In high school, we might have tweaked the word count technology to yield a higher number of words, in order to meet the length requirement for a term paper. But in Northbrook Digital LLC v. Vendio Services, Inc., 2008 U.S. Dist. LEXIS 45019 (D. Minn. June 9, 2008), counsel for the defendant did the opposite, the court found, and tweaked the technology to attain a lower word count in order to satisfy the 3,500 word limit. This approach turned out to be too clever by half.

Counsel initially submitted objections that the judge found had “grossly exceeded” the 3,500 word limit, but because counsel readily admitted the error, the court allowed a resubmission.
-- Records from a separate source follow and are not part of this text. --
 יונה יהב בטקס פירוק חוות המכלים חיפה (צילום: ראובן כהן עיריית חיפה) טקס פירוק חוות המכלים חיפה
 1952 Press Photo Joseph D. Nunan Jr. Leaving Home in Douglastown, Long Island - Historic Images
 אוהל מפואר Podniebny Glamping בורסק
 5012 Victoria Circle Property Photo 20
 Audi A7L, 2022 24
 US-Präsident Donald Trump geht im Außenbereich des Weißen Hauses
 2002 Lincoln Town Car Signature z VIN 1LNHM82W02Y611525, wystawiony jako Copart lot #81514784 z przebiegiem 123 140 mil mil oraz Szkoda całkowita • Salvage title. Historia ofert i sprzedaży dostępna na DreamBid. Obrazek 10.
This time, counsel certified that the document was 3,485 words – 15 words to spare!

But the judge noticed that counsel had apparently managed to tweak the word count technology by hyphenating phrases that would not ordinarily be hyphenated, so that they would count as only one word. Further word count savings were had by eliminating spaces in certain citations, so that the word count feature would also treat them as having fewer words (although the judge did admit that the absence of these spaces may have been in error). But what really pushed the judge over the edge was that in order, to save a few more words counsel referred to the magistrate judge by her last name only.
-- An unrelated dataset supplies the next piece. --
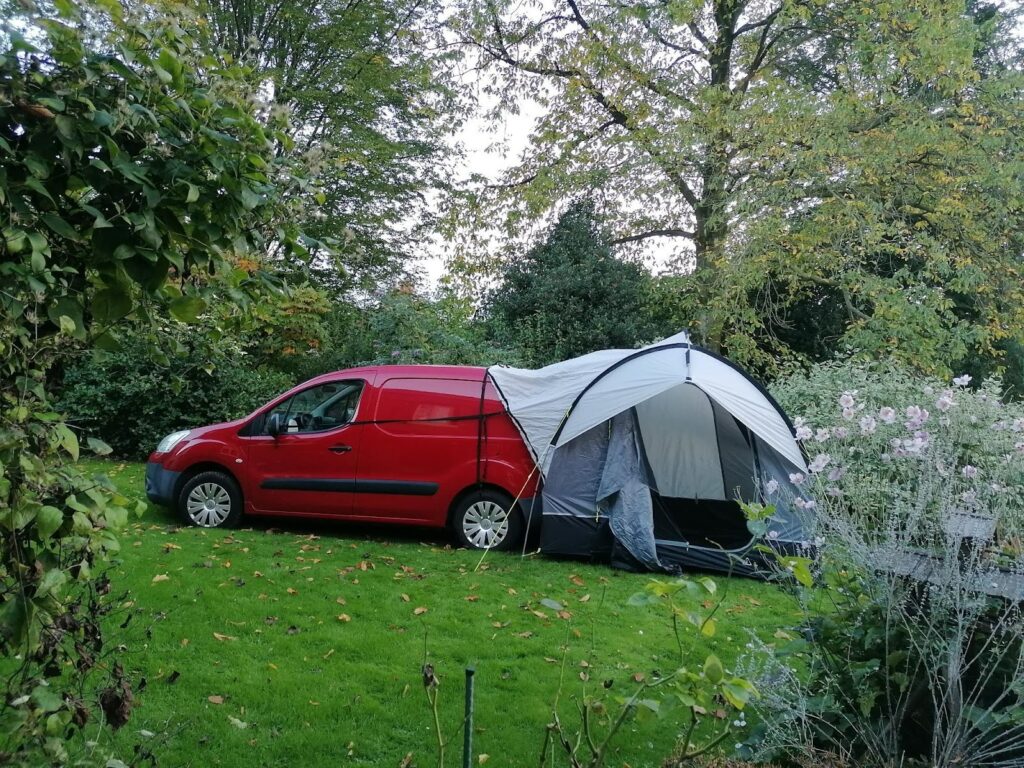 Van aménagé avec tente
The court issued the following rebuke:

This Court makes plenty of inadvertent errors itself, and thus this Court generally overlooks inadvertent errors, as it did with respect to Vendio’s first violation of the rule. Had Vendio confined itself to using improper hyphenation in its substitute response, the Court might again have overlooked Vendio’s conduct, even though this time the conduct was almost surely not inadvertent. But Vendio has cheated the word limit not only by using hyphens improperly, but by referring to Judge Graham, at least twenty times, simply as “Graham.” The Court commends the practice of referring to parties and witnesses by last name only. *** But this Court cannot recall reading a motion, brief, or other paper — even from the most hapless of pro se litigants — that referred to a federal magistrate judge by her last name only. No one does this because it is disrespectful to the magistrate judge. Surely one of the six lawyers at the three prestigious firms representing Vendio could have figured out a way to squeeze twenty words from a 3,500-word memorandum without being disrespectful to Judge Graham.
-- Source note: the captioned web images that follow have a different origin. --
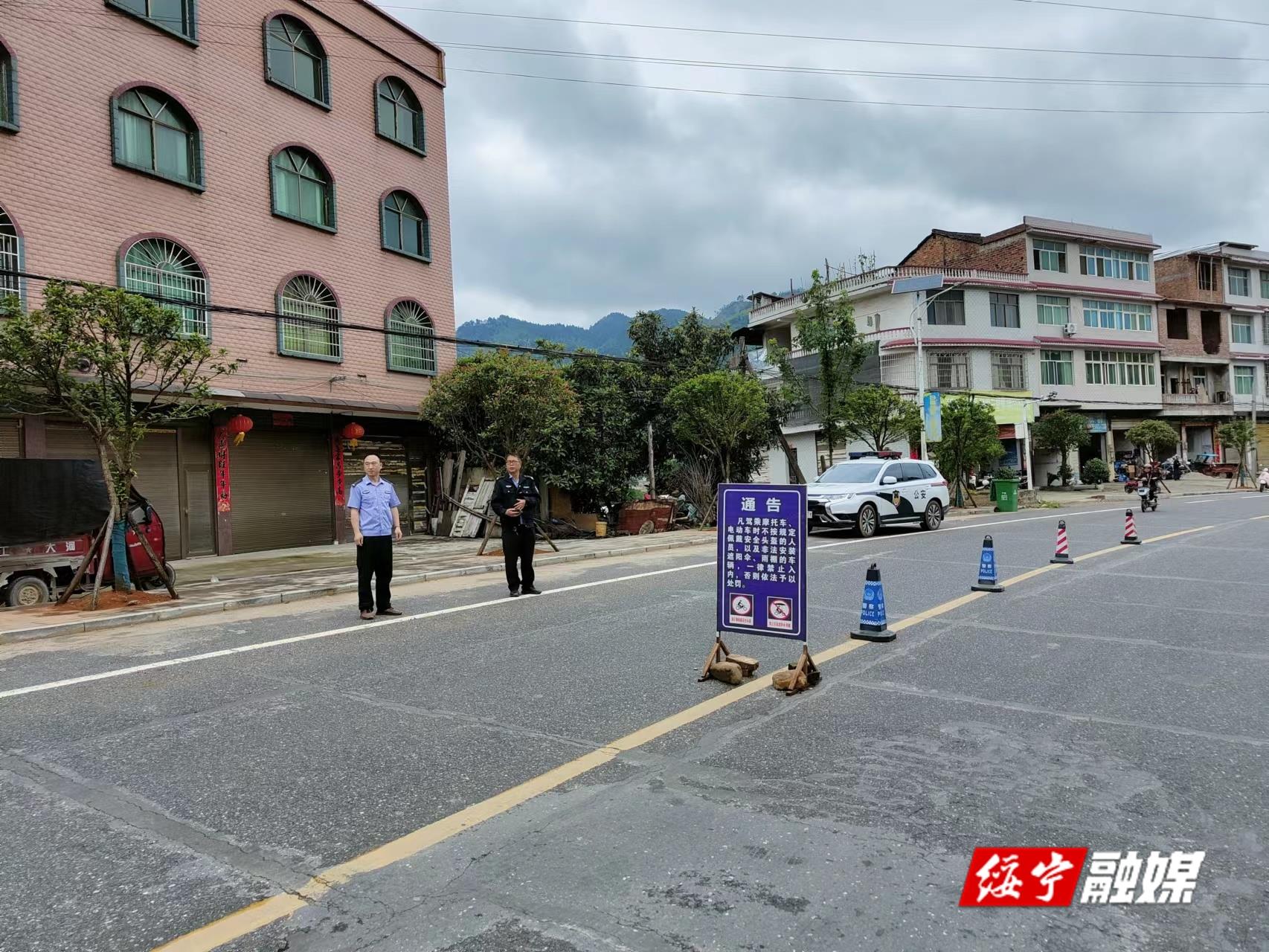 红岩镇：严把道路交通安全关 筑牢道路交通安全网_邵阳头条网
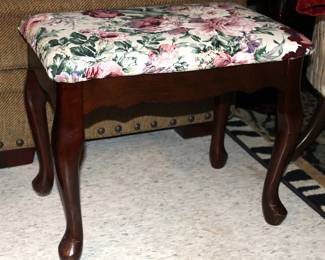 Queen Anne Upholstered Bench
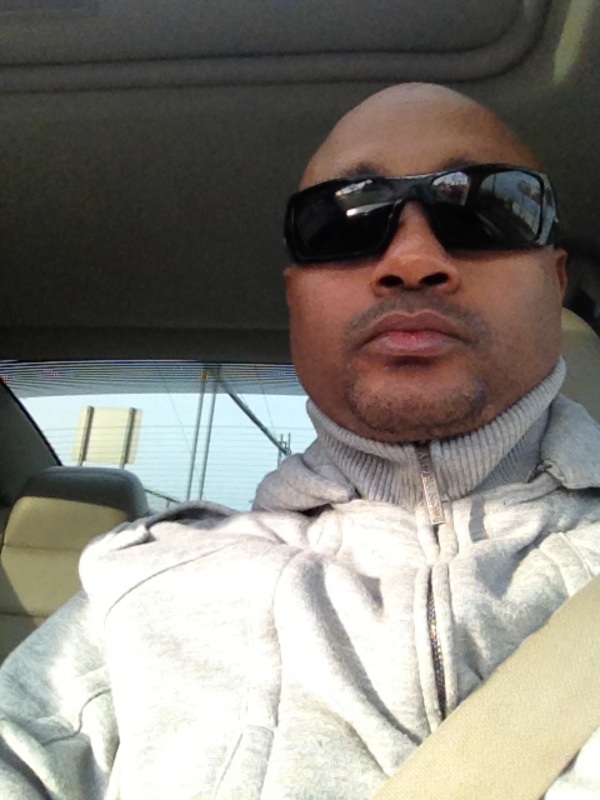 Date this hot United States man Adoni614 from Columbus US17255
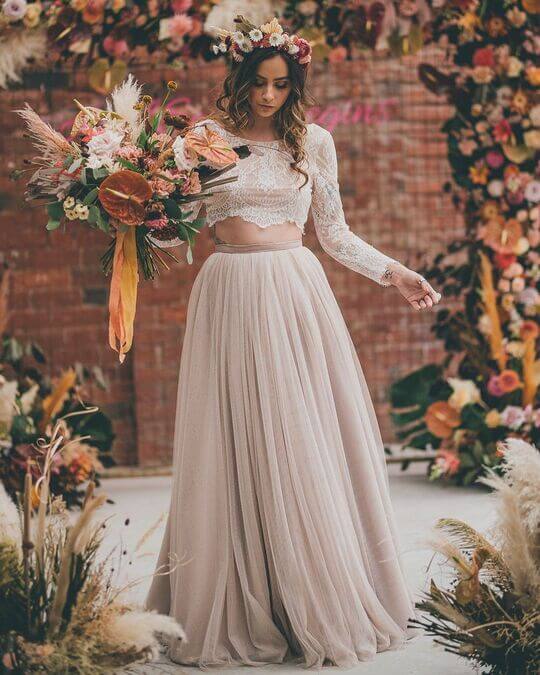 Топ с широкой юбкой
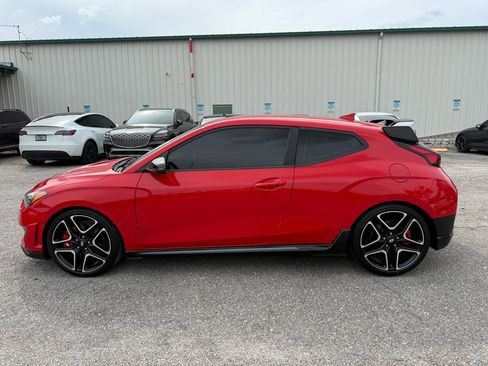 Used 2022 Hyundai Veloster N image 8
The Court understands that Judge Graham’s R&R raises complicated issues, but Northbrook’s counsel were able to address those issues in 3,500 words without playing games with hyphens or being disrespectful to Judge Graham. If Northbrook can properly object to an R&R in 3,500 words, then surely Vendio can properly respond to that objection in 3,500 words. Vendio’s counsel — who now have two strikes against them — should take great care to comply with both the spirit and letter of this Court’s rules in the future.